Those were big ideas that deserved attention that did drive values but when the values crashed I think that some people sort of said, “Well, gee, all those ideas are out the door too,” but the reality is that those ideas are still valid, there still will be huge economic value creation around that; it’s just going to take a long time. It could take us a decade to fully realize that and it’s also going to take a lot of R & D dollars. And so that’s why I say Microsoft is in a unique position because Microsoft still believes in these big ideas, Microsoft does have the R & D dollars to drive it and so we’re in a position to sort of go out and try to deliver on these dot-com promises but perhaps just in a different timeframe than was set around the turn of the century there.

So in this interconnected world when we think about sort of inside the box where you’ve got employees within an organization that was the target of who do we want to automate. And this is sort of meant to represent a medium sized business that any business has got it’s own community. They have small businesses that may be smaller than them that act as suppliers. They have large businesses that they’d like to sell to. They’ve got mobile employees today that have got all variety of different devices. They’ve got again their own customers. And to the degree that everybody can be connected and the information can all come together in a way, this drives enormous value.

And just go visit a small business today and they might have a separate database for where they track potential perspective customers, it may or may not be a CRM system, they may have a separate inventory system, they may have a separate financial system and they may have a separate reporting system, and if you go into them and say, “Gee, I’m here from Microsoft; how can I help you,” I mean the first thing they’re going to say is, “Make it all work together. I’m spending way too much money on all these different things. Can’t it all be connected? I bought a bunch of laptops and my people in the field aren’t connected back to information back here.” Even very small companies desire to have it all work together and have their information where they want it, when they want it, on the devices they want it.

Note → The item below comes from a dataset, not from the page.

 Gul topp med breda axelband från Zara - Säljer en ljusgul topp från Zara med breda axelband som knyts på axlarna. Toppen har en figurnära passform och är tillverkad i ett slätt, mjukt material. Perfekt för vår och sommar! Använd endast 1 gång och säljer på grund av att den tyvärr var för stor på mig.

And so this isn’t some theoretical thing: There’s not just demand; there’s like almost an insistence by customers of why doesnt it work this way today. So we’re not chasing some theoretical demand theory. This is customer pain that needs to be solved and when we solve it there will be purchases.

In terms of how we want to drive that, we know we can’t do it all ourselves. We know we can’t deliver all the functionality around all the different verticals. And so in addition to the Microsoft .NET R & D, in the yellow components there is part of what we’re delivering from our Business Solutions division, which is the business framework, which provides additional components and logic on top of the Microsoft .NET, which allows ISVs to build systems faster, business components, think about those as some of the core functionality that you might have in a general ledger or an accounts receivable package.

We’re not just developing that for ourselves; we’re also going to make those available to other ISVs. So whatever we’re using to build applications solutions will be available to anybody — competitors, whoever wants it, you go have it.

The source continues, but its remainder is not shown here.